In a recent report published by Forbes on “Transformational Change”, the question if you can really drive transformation without the catalyst of facing a crisis is raised. A successful business transformation is defined as more than simply adapting to change: “it means rewriting business models or even reshaping your own industry”. This is what the hardware maker Apple did when you consider the role it played in the birth of the tablet computer industry and the revolution in smartphones; or what IBM did, when it decided to move from manufacturer to service provider. Both transformations were lead by the need to navigate stormy waters and come out of a crisis not only alive but stronger than ever.

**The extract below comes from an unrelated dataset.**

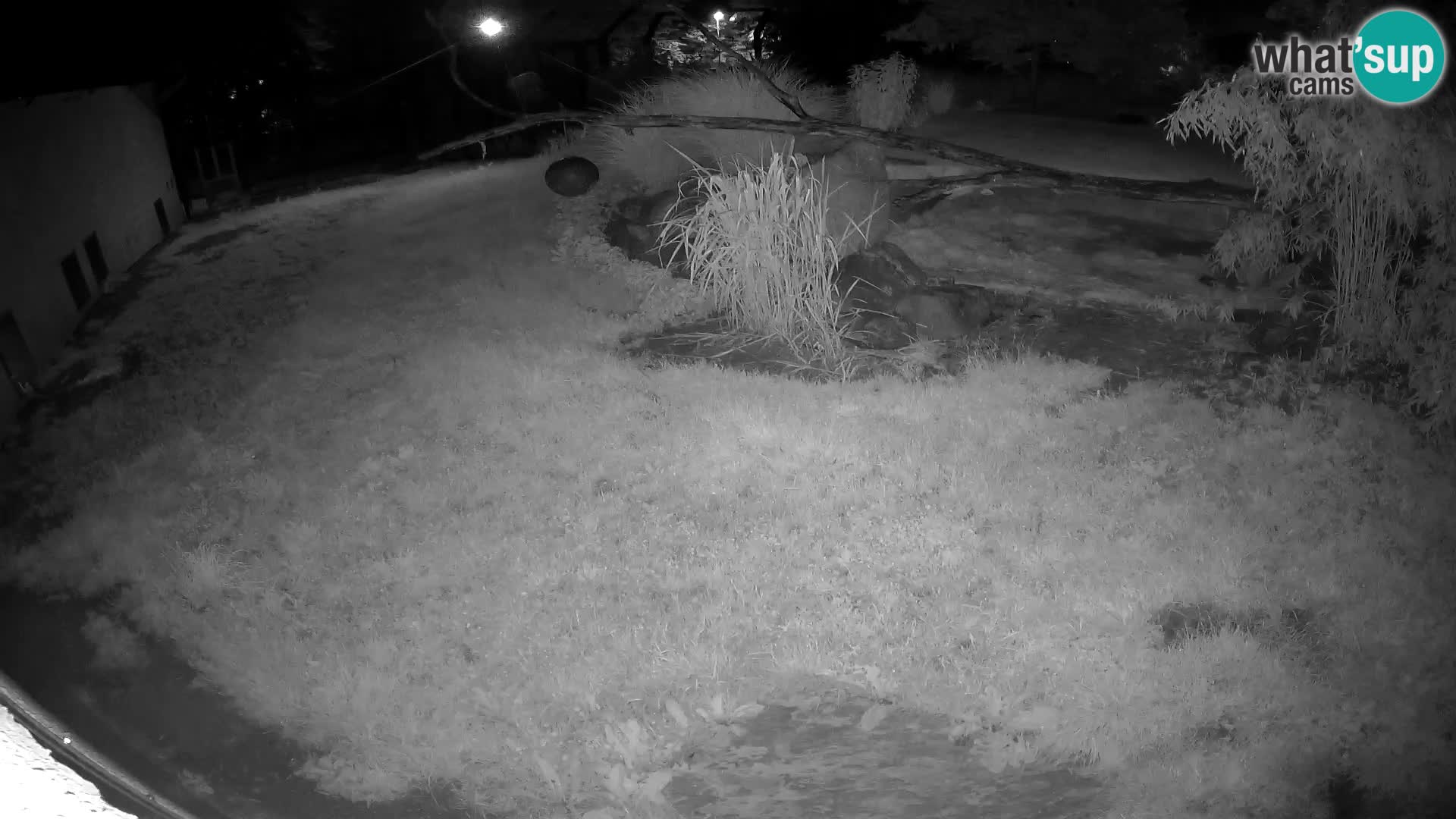 LION webcam en direct du zoo de Ljubljana – Slovénie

Why would a company decide to mobilise resources to transform itself and face the unknown when things are going well? We believe that waiting for troubled times before moving towards change might be even riskier. Certainly, getting everyone to engage in a major change can be easier when the survival of the company is at stake and when the alternative to change is a fast and premature death. However, at a time of crisis, the company’s resources are already weakened and the pressure to change might lead to not well-thought through solutions. Indeed, research conducted by Mckinsey shows that what they call “defensive transformations (those undertaken to stem trouble) have lower success rates than progressive ones (launched, for instance, to boost growth or to move from good to great performance)”.
Therefore, welcome to the ambition and curiosity to improve the status quo and explore new territory. If you take the time to appreciate what you already have, take stock of your assets and strengths and celebrate your success, it will not do you any harm to capitalise on your strengths and good results to look at what else you could be doing and do even better.